Following a data breach, hospitals implement additional measures to improve their security posture and make it harder for cybercriminals to breach their defenses again. While it is important to ensure that similar breaches are prevented in the future, a recent study suggests that while security enhancements will ensure patient data is better protected, they could potentially have a negative impact on patient outcomes.
For the study – Data breach remediation efforts and their implications for hospital quality – the researchers analyzed Medicare Compare data on quality measures at Medicare-certified hospitals from 2012-2016 along with data breach reports from the HHS’ Office for Civil Rights breach portal.
The Medicare Compare data covered 3,025 hospitals and 311 of those hospitals had experienced a data breach over the period of study. The researchers assessed the time it took from a patient walking in the door to receiving an electrocardiogram to assess the relationship between breach remediation and hospital quality, with the latter measured by the 30-day mortality rate of heart attack patients.
After a hospital had experienced a data breach, the time-to-electrocardiogram increased by up to 2.7 minutes.
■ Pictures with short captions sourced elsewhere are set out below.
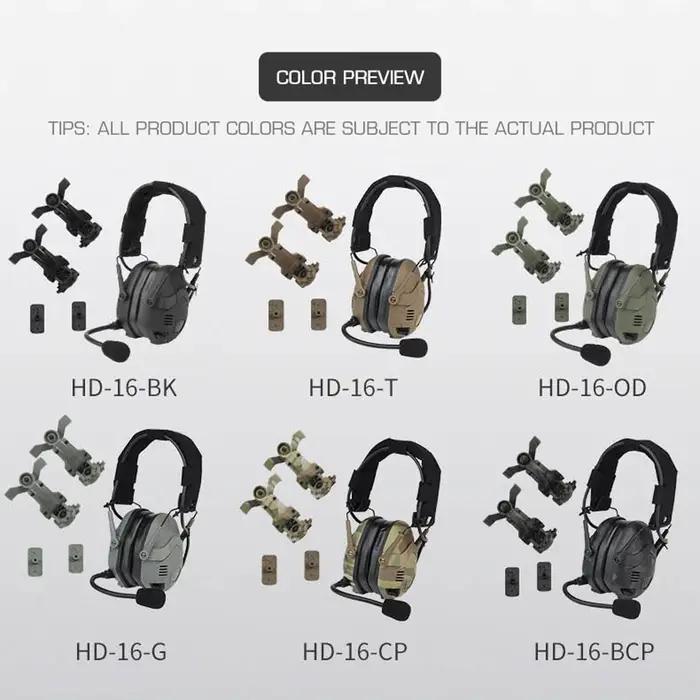 Casque DulBluetooth à réduction de bruit pour coque de noyau OPS et casque de M-LOK Wendy chasse tir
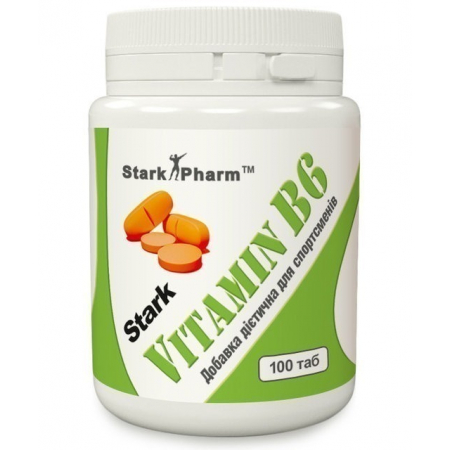 Stark Vitamin B6 – Stark Pharm (100 таб) піридоксин Stark Vitamin B6 – Stark Pharm (100 таб) піридоксин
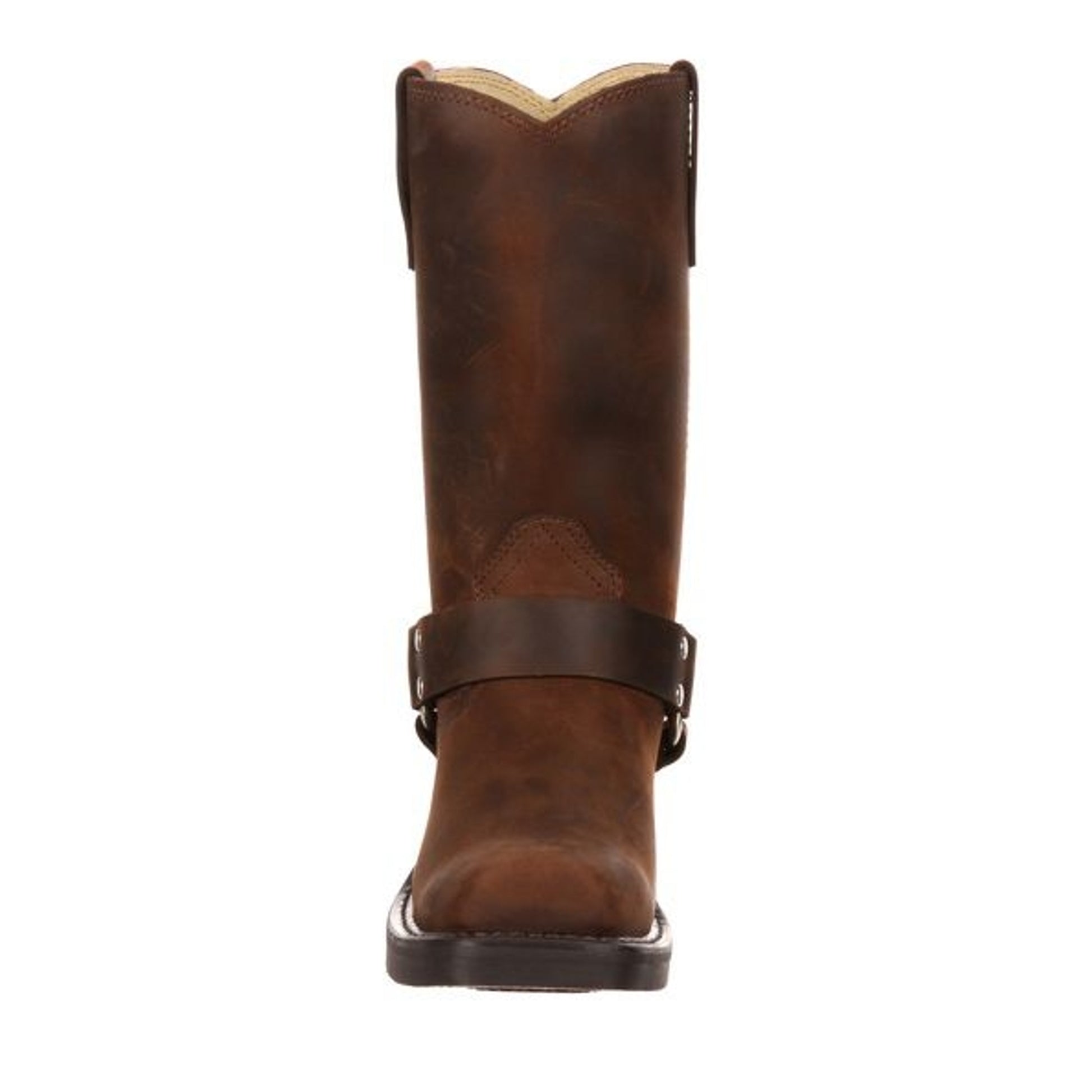 Durango Mens Square Toe Brown Harness Boots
Even 3-4 years after the breach had occurred, time-to-electrocardiogram was still up to 2 minutes longer than before the breach had been experienced. In the three years following a data breach, heart attack mortality rates increased by up to 0.36 percentage points.
The researchers suggest that the increase in mortality rate is linked to the data breach. Not the breach itself, but the measures the hospitals took following a data breach to improve security.
Steps typically taken by hospitals after a successful cyberattack include implementing multi-factor authentication, which makes it harder for stolen credentials to be used to access hospital resources. Password policies are changed, requiring longer passwords to be entered. These and other security enhancements can slow clinicians down, as can increased oversight by regulators. Together, these can have a knock-on effect on quality of care, which in turn affects patient outcomes.
“Health IT promises quality improvements and cost savings but its benefits are elusive because of learning, implementation, and usability issues that hinder clinicians,” explained the researchers. “Breach remediation efforts were associated with deterioration in timeliness of care and patient outcomes.”
The researchers suggest hospitals should carefully evaluate any proposed additional security measures to ensure they do not negatively affect patient outcomes, and that the HHS should consider how increased oversight of breached hospitals may do the same.